In this tutorial, we’ll go over what the Whale Optimization Algorithm (WOA) is and what it does. Furthermore, we’ll go over the algorithm and use an example to demonstrate how WOA would solve some simple optimization.

2. What Is the Whale Optimization Algorithm?

WOA is a meta-heuristics algorithm. As implied by the name, this algorithm was proposed for optimizing numerical problems by Mirjalili and Lewis, 2016. The inspiration for WOA comes, in particular, from the social behavior and the bubble-net hunting of humpback whales in oceans.

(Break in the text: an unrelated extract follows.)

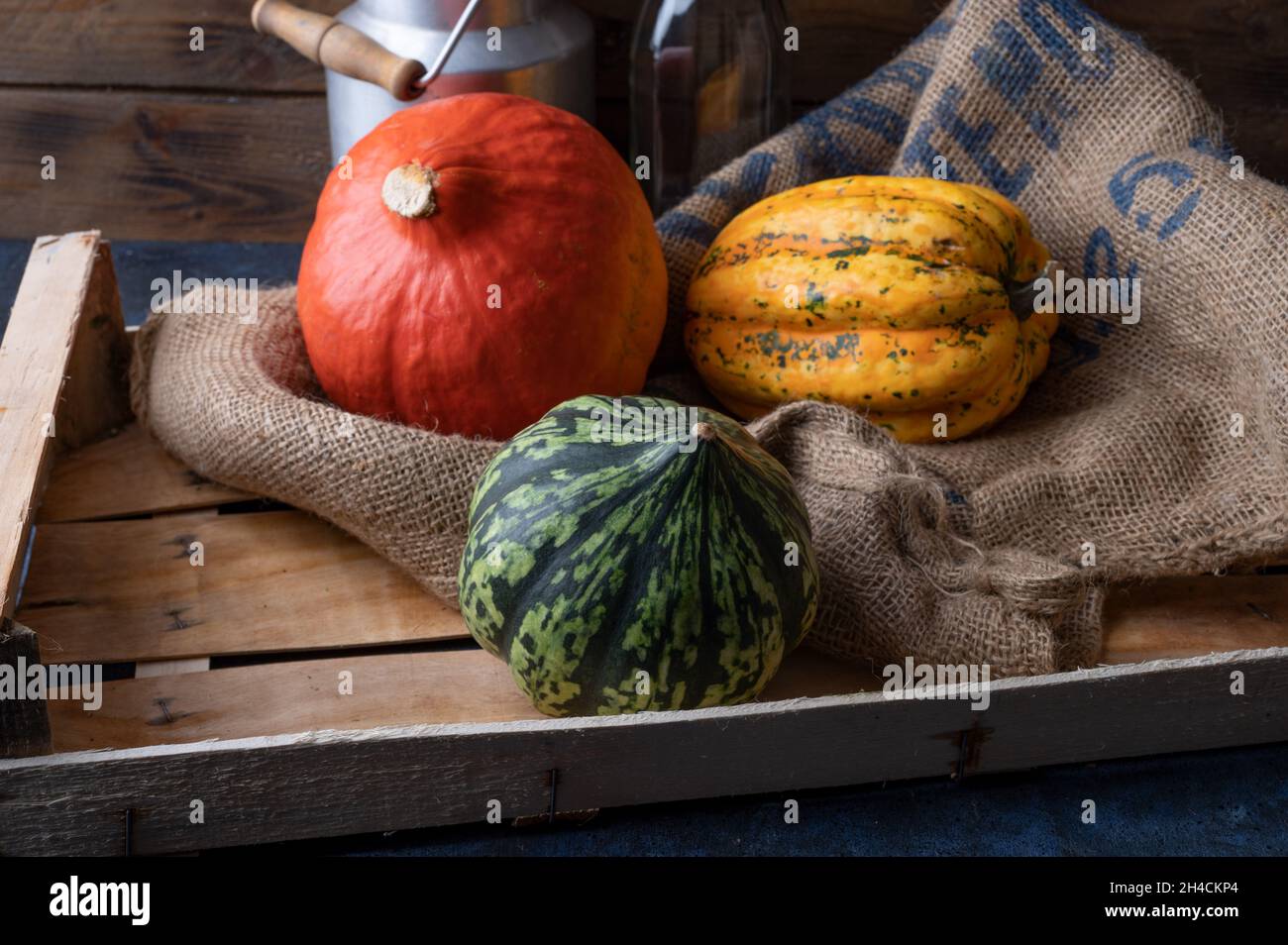 Pumpkins lying on a straw sack in a wooden box Stock Photo - Alamy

3. Who Are the Humpback Whales?

Humpback whales are among the largest mammals in the world. They are also one of seven different types of whales. It also has a one-of-a-kind hunting mechanism known as the bubble-net feeding method. They are unquestionably intelligent because their brains contain spindle cells. This foraging behavior is accomplished by the formation of special bubbles in the form of a spiral or path. As a result, let’s investigate the whale leadership hierarchy:

  • The leader whale finds the prey and dives down for about 12 meters approximately, creating a spiral-shaped bubble around the prey, and then swimming up to the surface while following the bubbles
  • An experienced whale who support the leader by making a call to synchronize
  • The others form a formation behind the leader and take the same position for each lunge

In short, the bubble-net hunting of humpback whales may resemble the image below:

4. Mathematical Model of the Whale Optimization Algorithm

The WOA algorithm imitates the social behavior and hunting method of humpback whales in oceans. So, let’s go over the fundamentals of whale hunting:

  1. Exploration phase: search for the prey
  2. Encircling the prey
  3. Exploitation phase: attacking the prey using a bubble-net method

Let’s take a look at the mathematical model behind each phase of the whale hunting process.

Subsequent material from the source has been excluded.